Une chose est sûre, avec la décapitation de Mabrouk Soltani qui a ému toute la population, la donne va changer au centre-ouest et au nord-ouest du pays. Il y a un véritable risque de voir les communautés de ces contrées enclavées émigrer vers des zones plus sûres et plus sécurisées. Le risque est réel si rien n’est fait aux fins de sédentariser ces communautés de l’arrière pays et de les protéger contre les terroristes et voleurs de bétail. La démarche à suivre est simple. Il s’agit de réunir en leur faveur les conditions minimales d’une vie digne et décente (accès à l’eau potable, électricité, dispensaires, écoles, routes, poste de gendarmerie…).

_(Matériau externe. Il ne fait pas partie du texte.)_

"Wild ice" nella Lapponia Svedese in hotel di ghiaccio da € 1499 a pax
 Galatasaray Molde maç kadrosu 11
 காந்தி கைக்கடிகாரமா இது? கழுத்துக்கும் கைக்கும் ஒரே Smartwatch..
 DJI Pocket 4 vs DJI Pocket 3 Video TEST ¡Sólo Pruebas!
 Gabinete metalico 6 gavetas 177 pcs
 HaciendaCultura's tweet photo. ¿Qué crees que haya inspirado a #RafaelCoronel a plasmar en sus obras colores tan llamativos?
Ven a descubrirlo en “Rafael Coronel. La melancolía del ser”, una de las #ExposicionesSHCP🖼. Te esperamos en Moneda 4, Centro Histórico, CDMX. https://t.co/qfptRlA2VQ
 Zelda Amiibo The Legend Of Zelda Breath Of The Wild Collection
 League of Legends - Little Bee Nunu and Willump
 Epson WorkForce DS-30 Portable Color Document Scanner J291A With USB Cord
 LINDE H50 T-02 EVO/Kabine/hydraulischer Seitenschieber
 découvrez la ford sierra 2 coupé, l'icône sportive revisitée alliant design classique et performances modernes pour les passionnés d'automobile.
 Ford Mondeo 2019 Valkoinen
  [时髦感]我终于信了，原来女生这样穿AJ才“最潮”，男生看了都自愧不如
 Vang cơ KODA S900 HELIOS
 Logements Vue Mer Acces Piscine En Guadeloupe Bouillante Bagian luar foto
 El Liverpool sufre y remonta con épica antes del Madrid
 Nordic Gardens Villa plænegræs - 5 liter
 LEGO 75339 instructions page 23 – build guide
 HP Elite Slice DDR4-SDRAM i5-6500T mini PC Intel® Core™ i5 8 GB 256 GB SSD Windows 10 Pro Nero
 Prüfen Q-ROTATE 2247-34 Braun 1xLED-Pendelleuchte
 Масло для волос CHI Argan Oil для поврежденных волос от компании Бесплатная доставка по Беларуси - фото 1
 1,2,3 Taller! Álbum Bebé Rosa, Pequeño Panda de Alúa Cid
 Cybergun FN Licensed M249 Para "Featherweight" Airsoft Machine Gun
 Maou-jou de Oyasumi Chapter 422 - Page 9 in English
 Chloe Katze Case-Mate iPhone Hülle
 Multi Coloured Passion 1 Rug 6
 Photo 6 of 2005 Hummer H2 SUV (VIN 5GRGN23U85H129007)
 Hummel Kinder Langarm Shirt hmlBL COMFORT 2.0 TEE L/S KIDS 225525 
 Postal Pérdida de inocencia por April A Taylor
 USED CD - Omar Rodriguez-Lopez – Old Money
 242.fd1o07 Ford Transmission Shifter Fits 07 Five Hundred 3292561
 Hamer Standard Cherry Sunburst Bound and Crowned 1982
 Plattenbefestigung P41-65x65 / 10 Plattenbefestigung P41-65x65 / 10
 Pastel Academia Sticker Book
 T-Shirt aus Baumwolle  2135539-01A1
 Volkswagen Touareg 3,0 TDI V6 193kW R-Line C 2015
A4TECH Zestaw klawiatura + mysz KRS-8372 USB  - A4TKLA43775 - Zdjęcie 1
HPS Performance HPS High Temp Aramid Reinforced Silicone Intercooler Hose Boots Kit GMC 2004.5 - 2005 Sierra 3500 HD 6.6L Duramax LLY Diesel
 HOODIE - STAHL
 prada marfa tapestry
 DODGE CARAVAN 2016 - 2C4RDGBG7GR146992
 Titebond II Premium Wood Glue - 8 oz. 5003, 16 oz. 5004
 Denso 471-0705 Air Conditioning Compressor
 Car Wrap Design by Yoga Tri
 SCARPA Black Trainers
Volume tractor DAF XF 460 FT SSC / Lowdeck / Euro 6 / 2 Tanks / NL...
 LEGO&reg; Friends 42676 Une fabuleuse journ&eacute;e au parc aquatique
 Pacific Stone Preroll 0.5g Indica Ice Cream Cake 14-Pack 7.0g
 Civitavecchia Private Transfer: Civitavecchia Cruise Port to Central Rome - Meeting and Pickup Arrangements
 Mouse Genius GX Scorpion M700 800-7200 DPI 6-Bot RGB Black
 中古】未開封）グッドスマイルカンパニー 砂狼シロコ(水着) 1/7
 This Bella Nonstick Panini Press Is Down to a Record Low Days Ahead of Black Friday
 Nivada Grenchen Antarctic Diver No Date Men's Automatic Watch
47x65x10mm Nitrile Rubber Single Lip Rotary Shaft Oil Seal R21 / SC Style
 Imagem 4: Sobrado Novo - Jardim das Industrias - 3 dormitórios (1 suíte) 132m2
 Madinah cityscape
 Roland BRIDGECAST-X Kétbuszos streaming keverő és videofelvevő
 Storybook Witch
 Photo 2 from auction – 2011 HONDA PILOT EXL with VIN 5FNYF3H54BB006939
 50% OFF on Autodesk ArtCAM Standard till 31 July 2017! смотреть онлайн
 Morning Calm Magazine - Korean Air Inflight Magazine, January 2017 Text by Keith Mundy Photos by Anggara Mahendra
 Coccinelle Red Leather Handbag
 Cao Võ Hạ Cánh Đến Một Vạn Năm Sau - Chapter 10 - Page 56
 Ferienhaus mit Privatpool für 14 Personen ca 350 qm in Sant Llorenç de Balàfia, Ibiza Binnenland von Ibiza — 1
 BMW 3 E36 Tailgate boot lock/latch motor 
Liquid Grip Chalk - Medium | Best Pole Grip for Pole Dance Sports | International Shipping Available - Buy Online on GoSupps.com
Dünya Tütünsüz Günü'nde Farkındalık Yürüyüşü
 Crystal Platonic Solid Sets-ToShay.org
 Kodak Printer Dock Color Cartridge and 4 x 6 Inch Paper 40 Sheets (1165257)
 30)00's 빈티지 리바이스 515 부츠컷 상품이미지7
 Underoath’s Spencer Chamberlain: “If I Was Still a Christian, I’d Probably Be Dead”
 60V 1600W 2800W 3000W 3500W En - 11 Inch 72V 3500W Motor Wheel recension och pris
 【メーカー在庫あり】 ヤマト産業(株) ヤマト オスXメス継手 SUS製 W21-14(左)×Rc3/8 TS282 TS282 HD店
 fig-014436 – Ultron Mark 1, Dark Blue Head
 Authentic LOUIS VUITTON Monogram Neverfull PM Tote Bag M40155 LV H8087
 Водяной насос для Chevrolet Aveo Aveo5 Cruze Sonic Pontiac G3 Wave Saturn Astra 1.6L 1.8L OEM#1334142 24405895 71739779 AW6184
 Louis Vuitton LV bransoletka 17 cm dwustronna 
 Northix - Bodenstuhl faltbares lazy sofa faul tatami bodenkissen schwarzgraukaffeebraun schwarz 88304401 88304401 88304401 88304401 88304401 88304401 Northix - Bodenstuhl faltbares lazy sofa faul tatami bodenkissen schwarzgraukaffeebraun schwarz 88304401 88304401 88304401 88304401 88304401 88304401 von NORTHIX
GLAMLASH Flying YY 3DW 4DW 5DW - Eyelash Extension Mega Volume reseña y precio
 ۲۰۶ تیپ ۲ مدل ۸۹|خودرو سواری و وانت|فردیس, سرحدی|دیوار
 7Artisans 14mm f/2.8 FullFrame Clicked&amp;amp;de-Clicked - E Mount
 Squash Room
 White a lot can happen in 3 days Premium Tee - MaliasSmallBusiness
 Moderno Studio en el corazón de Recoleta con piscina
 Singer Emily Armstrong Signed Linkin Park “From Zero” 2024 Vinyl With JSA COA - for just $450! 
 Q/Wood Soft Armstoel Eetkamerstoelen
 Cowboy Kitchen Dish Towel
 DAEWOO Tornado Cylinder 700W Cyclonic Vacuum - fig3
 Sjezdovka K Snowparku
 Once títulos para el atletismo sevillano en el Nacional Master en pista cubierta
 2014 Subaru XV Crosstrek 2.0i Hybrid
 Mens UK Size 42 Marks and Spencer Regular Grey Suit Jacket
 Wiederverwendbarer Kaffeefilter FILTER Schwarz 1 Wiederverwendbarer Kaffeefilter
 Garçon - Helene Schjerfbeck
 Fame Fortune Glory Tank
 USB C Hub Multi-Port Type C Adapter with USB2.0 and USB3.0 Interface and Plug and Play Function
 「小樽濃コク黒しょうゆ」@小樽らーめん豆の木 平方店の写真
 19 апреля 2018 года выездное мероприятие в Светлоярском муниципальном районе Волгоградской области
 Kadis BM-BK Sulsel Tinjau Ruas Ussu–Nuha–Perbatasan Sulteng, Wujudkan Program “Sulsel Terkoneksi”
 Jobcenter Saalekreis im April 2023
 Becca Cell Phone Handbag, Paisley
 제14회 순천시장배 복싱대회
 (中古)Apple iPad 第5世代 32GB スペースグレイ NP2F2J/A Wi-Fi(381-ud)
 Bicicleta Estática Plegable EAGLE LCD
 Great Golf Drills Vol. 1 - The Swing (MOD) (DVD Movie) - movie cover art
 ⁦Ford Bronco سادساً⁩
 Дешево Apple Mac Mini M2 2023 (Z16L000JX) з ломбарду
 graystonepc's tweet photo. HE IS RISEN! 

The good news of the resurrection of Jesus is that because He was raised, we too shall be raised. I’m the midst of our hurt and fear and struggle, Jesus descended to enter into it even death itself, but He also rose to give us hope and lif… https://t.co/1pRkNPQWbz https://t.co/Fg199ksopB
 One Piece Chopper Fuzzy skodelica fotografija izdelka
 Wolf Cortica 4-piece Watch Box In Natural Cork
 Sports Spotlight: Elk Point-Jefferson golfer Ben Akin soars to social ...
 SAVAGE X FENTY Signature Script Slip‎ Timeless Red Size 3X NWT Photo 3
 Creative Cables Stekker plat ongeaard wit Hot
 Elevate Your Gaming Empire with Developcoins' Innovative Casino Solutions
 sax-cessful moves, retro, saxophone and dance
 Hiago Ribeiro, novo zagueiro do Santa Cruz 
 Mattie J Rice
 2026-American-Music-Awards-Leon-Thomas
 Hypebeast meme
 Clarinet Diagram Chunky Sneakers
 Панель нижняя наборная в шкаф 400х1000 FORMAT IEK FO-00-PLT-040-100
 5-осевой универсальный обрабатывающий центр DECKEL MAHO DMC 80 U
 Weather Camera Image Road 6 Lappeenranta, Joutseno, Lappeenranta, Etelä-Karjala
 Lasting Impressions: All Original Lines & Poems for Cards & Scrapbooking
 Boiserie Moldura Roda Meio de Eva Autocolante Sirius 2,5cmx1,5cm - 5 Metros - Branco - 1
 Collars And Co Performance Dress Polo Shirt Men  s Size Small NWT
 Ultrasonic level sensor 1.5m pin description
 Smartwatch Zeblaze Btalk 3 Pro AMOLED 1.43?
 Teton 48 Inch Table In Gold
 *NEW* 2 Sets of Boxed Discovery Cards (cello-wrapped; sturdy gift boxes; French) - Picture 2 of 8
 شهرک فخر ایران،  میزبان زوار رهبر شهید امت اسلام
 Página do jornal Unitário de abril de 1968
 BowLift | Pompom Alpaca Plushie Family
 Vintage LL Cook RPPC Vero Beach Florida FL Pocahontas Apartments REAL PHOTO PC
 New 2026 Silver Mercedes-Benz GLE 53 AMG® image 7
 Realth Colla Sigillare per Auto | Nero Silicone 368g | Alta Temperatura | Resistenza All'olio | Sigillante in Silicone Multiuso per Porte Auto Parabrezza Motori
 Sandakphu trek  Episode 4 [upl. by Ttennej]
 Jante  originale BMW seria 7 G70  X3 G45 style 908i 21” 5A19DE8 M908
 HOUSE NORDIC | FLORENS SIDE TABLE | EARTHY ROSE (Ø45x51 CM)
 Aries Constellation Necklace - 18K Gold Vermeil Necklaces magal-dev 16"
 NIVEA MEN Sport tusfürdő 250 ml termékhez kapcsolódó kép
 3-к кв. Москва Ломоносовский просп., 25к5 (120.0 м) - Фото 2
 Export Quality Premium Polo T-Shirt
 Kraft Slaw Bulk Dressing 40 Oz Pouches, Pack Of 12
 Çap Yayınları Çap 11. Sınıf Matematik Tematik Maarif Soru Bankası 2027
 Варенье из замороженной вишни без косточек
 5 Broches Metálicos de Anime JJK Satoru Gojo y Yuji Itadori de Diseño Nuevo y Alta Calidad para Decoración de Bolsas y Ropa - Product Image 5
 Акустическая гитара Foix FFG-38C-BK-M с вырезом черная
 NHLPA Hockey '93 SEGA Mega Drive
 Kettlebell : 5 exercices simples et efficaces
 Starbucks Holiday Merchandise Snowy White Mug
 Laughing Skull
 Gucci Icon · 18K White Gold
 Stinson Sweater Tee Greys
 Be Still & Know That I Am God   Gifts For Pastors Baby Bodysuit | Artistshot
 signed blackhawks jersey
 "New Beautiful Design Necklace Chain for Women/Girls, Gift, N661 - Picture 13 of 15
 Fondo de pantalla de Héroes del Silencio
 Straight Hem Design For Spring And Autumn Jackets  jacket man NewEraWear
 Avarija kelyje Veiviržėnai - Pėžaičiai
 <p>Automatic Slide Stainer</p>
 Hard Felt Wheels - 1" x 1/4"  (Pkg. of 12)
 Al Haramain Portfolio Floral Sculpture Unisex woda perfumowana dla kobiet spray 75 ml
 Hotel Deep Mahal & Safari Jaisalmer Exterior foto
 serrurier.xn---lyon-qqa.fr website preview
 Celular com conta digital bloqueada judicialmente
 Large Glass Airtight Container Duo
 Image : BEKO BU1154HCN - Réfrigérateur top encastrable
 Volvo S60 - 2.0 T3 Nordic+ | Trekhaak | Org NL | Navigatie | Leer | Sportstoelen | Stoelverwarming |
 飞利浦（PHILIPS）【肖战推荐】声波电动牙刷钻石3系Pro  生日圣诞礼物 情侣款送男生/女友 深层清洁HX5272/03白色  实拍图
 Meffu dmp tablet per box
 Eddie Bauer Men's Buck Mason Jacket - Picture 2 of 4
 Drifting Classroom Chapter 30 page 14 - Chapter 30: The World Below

Il y va, hélas, de leur survie et de la haute sécurité du pays. Selon leurs témoignages, ils ne se considèrent pas comme des Tunisiens ou plutôt le pouvoir en place ne les considère pas comme tels.
L’urgence de tirer les enseignements
Quelque part, ils ont raison. Sinon comment expliquer que depuis leur soulèvement, un certain 14 janvier 2011, pour protester contre le déséquilibre régional, rien n’ait été fait pour les régions frontalières qui constituent, pourtant, la première ligne de défense contre le terrorisme?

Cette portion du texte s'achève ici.